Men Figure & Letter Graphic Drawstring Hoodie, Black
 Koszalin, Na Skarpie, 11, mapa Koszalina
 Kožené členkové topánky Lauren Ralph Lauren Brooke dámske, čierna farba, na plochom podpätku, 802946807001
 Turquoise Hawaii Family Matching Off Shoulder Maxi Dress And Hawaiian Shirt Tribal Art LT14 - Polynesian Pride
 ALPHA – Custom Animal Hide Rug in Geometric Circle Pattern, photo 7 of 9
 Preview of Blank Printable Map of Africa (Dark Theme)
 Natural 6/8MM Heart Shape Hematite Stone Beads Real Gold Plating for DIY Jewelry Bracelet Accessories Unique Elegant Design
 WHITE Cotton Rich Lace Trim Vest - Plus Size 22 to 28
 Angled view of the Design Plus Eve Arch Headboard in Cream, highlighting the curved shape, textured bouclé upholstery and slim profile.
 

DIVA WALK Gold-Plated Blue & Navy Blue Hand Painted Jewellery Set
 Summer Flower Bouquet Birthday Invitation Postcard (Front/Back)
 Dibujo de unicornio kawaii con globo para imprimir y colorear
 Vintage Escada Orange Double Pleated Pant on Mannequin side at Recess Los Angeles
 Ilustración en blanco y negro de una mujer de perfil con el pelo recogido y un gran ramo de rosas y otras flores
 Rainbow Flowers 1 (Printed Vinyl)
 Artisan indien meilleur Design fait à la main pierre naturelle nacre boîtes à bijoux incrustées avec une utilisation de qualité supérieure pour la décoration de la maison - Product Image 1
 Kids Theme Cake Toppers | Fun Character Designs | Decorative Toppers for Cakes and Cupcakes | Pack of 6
● ● ● ● ●
* [What you should do] Output the entries above in their entirety, exactly as written.

* [Output for this exercise]
Men Figure & Letter Graphic Drawstring Hoodie, Black
 Koszalin, Na Skarpie, 11, mapa Koszalina
 Kožené členkové topánky Lauren Ralph Lauren Brooke dámske, čierna farba, na plochom podpätku, 802946807001
 Turquoise Hawaii Family Matching Off Shoulder Maxi Dress And Hawaiian Shirt Tribal Art LT14 - Polynesian Pride
 ALPHA – Custom Animal Hide Rug in Geometric Circle Pattern, photo 7 of 9
 Preview of Blank Printable Map of Africa (Dark Theme)
 Natural 6/8MM Heart Shape Hematite Stone Beads Real Gold Plating for DIY Jewelry Bracelet Accessories Unique Elegant Design
 WHITE Cotton Rich Lace Trim Vest - Plus Size 22 to 28
 Angled view of the Design Plus Eve Arch Headboard in Cream, highlighting the curved shape, textured bouclé upholstery and slim profile.
 

DIVA WALK Gold-Plated Blue & Navy Blue Hand Painted Jewellery Set
 Summer Flower Bouquet Birthday Invitation Postcard (Front/Back)
 Dibujo de unicornio kawaii con globo para imprimir y colorear
 Vintage Escada Orange Double Pleated Pant on Mannequin side at Recess Los Angeles
 Ilustración en blanco y negro de una mujer de perfil con el pelo recogido y un gran ramo de rosas y otras flores
 Rainbow Flowers 1 (Printed Vinyl)
 Artisan indien meilleur Design fait à la main pierre naturelle nacre boîtes à bijoux incrustées avec une utilisation de qualité supérieure pour la décoration de la maison - Product Image 1
 Kids Theme Cake Toppers | Fun Character Designs | Decorative Toppers for Cakes and Cupcakes | Pack of 6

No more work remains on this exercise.